Can you show me some examples of a qubit?

Well, to begin with, there are two major differences between qubits:

- There is an ensemble qubit which contain a large number of particles that together act as a single qubit.
- And there is what one often thinks of as a qubit, which is a single particle or material.

There are an near-infinite amount of possible qubits. Really, just about anything could theoretically act as a quantum-qubit. As long as it exists in a quantum state and can be measured.

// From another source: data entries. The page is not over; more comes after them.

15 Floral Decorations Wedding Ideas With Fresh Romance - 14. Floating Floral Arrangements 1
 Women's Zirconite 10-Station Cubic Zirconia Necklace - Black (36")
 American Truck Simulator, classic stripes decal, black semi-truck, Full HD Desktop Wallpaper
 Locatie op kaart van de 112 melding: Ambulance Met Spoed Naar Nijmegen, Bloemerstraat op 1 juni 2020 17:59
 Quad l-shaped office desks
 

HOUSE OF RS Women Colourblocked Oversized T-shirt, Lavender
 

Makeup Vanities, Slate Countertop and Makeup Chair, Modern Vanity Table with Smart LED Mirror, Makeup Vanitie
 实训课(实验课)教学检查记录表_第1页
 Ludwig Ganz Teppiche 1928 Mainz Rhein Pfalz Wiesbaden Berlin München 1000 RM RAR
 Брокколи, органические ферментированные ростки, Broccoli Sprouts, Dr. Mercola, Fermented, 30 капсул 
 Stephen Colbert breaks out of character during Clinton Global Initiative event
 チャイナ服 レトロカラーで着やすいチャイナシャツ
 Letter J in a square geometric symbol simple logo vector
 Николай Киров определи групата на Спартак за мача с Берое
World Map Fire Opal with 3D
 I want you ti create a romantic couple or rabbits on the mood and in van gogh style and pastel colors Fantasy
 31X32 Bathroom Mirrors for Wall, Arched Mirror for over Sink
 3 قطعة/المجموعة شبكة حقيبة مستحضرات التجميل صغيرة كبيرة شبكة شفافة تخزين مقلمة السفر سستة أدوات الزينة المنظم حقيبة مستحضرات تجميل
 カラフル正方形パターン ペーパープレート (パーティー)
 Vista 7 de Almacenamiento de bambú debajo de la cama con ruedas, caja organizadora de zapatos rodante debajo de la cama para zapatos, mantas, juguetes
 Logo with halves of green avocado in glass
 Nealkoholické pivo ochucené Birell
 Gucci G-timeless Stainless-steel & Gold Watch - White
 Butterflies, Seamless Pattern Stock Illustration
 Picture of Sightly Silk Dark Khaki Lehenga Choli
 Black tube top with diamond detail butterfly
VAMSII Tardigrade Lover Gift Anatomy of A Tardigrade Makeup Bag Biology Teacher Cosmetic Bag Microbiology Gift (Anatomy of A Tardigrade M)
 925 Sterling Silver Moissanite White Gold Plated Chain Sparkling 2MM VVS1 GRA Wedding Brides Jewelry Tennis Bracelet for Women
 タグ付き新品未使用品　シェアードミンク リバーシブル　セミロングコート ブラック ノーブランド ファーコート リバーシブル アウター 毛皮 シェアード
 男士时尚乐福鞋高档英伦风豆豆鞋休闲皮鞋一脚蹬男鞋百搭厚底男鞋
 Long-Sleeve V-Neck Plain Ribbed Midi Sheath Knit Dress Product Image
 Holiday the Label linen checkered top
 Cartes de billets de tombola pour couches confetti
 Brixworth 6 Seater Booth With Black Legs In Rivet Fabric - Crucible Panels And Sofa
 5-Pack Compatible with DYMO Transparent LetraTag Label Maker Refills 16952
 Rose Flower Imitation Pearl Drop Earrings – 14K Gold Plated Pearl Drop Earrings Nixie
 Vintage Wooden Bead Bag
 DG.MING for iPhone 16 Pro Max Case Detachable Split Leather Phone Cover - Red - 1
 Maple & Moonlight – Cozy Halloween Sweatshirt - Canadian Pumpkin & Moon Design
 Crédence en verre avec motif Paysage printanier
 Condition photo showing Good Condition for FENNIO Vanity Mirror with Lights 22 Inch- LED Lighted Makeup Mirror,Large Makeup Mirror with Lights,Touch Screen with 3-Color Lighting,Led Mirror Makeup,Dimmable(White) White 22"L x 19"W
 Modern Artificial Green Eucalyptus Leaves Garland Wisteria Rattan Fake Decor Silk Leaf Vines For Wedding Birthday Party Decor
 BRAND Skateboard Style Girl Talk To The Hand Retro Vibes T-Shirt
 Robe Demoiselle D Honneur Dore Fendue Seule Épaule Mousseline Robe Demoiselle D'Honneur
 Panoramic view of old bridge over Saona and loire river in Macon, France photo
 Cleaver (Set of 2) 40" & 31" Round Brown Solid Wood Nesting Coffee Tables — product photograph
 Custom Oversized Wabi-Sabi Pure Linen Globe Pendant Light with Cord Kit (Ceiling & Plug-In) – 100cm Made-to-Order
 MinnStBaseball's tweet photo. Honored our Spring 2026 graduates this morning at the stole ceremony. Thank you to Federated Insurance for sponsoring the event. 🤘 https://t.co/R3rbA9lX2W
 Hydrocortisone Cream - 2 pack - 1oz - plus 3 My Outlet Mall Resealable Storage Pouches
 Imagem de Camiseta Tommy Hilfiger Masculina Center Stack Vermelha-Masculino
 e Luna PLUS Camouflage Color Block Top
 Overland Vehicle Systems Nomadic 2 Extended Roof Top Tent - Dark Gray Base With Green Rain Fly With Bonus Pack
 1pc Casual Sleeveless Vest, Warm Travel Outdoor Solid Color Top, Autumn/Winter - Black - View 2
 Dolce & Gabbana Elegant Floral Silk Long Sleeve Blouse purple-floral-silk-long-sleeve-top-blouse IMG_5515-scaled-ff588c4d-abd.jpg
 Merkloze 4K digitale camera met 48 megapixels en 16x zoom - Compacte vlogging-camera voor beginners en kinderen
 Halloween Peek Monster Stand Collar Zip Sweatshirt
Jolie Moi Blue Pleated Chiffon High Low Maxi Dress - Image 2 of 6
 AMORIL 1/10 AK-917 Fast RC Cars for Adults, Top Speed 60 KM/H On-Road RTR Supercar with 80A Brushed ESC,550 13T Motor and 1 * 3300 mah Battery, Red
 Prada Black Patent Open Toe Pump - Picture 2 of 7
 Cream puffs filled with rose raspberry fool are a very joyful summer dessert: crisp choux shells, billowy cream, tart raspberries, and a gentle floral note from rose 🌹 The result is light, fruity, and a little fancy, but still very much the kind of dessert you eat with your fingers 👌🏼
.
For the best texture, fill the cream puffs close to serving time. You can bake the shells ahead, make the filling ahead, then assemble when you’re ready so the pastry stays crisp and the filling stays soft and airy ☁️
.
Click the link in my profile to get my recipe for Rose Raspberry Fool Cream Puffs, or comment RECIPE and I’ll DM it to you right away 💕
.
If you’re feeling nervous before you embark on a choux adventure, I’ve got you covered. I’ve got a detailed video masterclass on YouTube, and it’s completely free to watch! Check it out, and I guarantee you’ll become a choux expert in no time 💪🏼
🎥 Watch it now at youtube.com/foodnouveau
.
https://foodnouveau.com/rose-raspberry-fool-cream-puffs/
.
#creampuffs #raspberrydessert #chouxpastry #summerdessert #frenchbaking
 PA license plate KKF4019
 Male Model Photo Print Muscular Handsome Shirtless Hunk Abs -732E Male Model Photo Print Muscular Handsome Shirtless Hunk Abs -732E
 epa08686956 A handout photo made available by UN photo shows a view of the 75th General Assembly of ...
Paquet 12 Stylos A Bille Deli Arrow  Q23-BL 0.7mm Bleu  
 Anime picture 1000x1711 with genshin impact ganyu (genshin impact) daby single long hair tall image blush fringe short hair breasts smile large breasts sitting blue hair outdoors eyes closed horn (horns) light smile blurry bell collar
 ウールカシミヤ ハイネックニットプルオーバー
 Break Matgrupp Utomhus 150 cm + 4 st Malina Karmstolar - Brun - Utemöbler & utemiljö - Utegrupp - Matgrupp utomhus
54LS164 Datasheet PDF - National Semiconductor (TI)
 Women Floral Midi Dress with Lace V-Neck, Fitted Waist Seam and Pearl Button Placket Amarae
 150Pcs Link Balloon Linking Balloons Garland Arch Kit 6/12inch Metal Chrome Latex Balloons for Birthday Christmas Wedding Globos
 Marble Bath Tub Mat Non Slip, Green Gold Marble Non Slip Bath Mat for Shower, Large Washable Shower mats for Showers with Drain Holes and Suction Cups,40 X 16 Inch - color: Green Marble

Possible qubits would include single photons, trapped atomic ions, neutral atoms, nuclear spins, quantum dots, impurities in silicon and diamond, superconducting qubits, and others. Each technology has its own tradeoffs. Additionally, methods of applying and implementing qubits differ drastically, depending on the type of qubit involved. Therefore, in the future, it will be possible to have hardware and software tailor-made to work best with your specific flavor of qubit! Potentially drastically-increasing processing speed in the process! That’s just one of the potential game-changing benefits of quantum-computers and quantum-computing. There are lots more...

When performing a logical operation, there will likely be an error associated with it. For quantum computing it is appears to be generally accepted that error probabilities should be on the order of 0.0001 or lower.

Minimizing this error is key especially when a large number of gates are sequentially applied to a given qubit. It is important to find a universal set of gates that collectively has the smallest error probability since each gate has a different error probability associated with it.